» **Exercise directions**:
Copy out the entries word for word, leaving images aside.
Available records section start
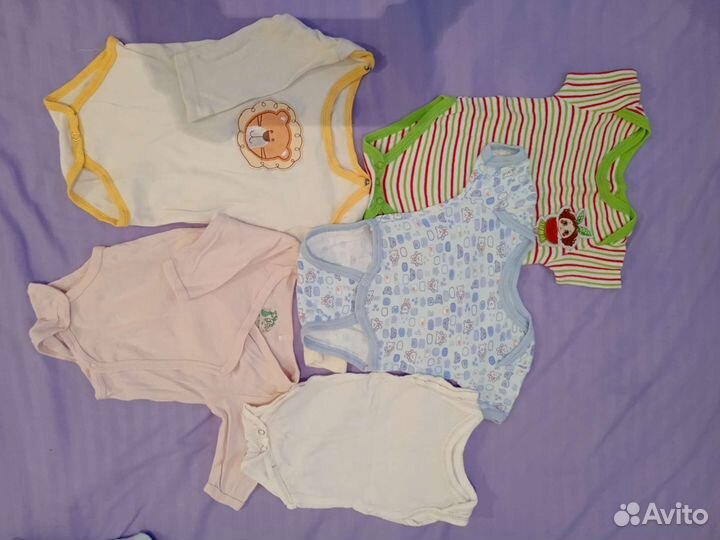 Вещи для новорожденной девочки пакетом (0-3 мес)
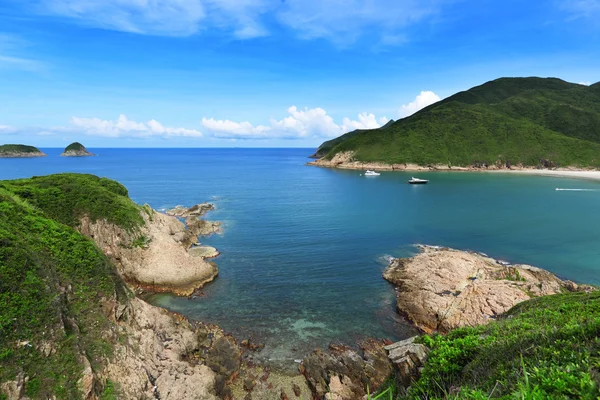 Sai Wan praia em Hong Kong — Fotografia de Stock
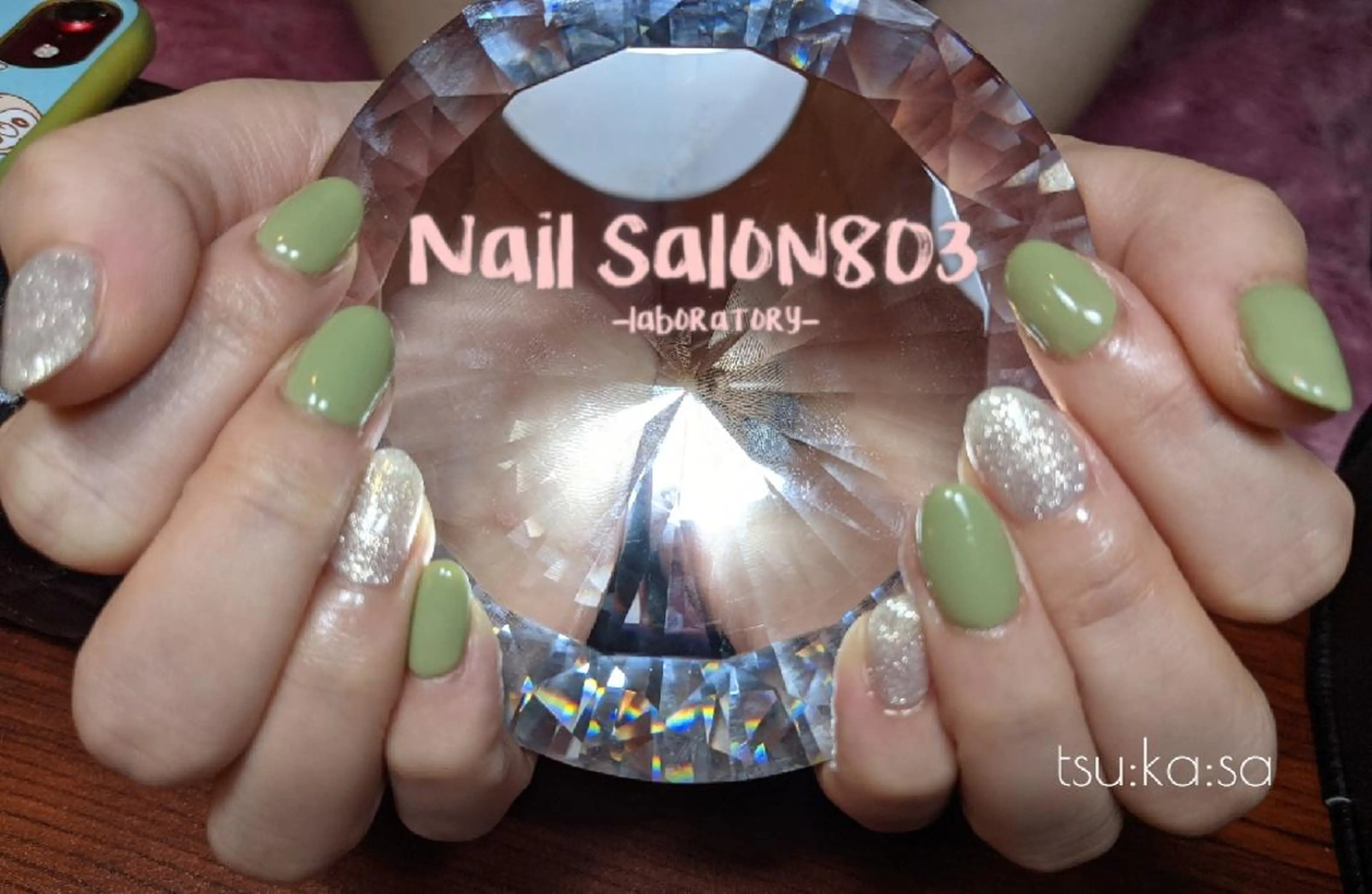 ネイル ワンカラーネイル ハンドネイル Nail SIRANGANAのネイルデザイン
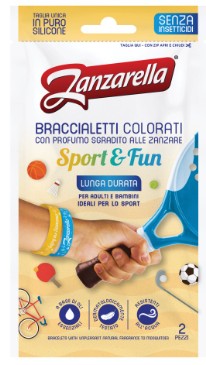 ZANZARELLA BRACCIALETTI SPORT&FUN PZ.2            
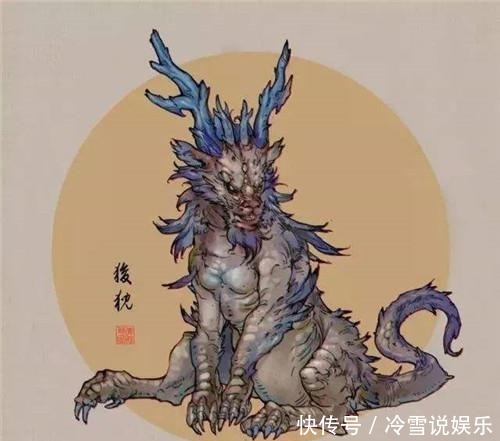 戴绿帽|龙生九子没一条真龙,难不成被戴绿帽了你看龙的妻子,就明白了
Available records section end
» **Output for this task**:
 Вещи для новорожденной девочки пакетом (0-3 мес)
 Sai Wan praia em Hong Kong — Fotografia de Stock
 ネイル ワンカラーネイル ハンドネイル Nail SIRANGANAのネイルデザイン
 ZANZARELLA BRACCIALETTI SPORT&FUN PZ.2            
 戴绿帽|龙生九子没一条真龙,难不成被戴绿帽了你看龙的妻子,就明白了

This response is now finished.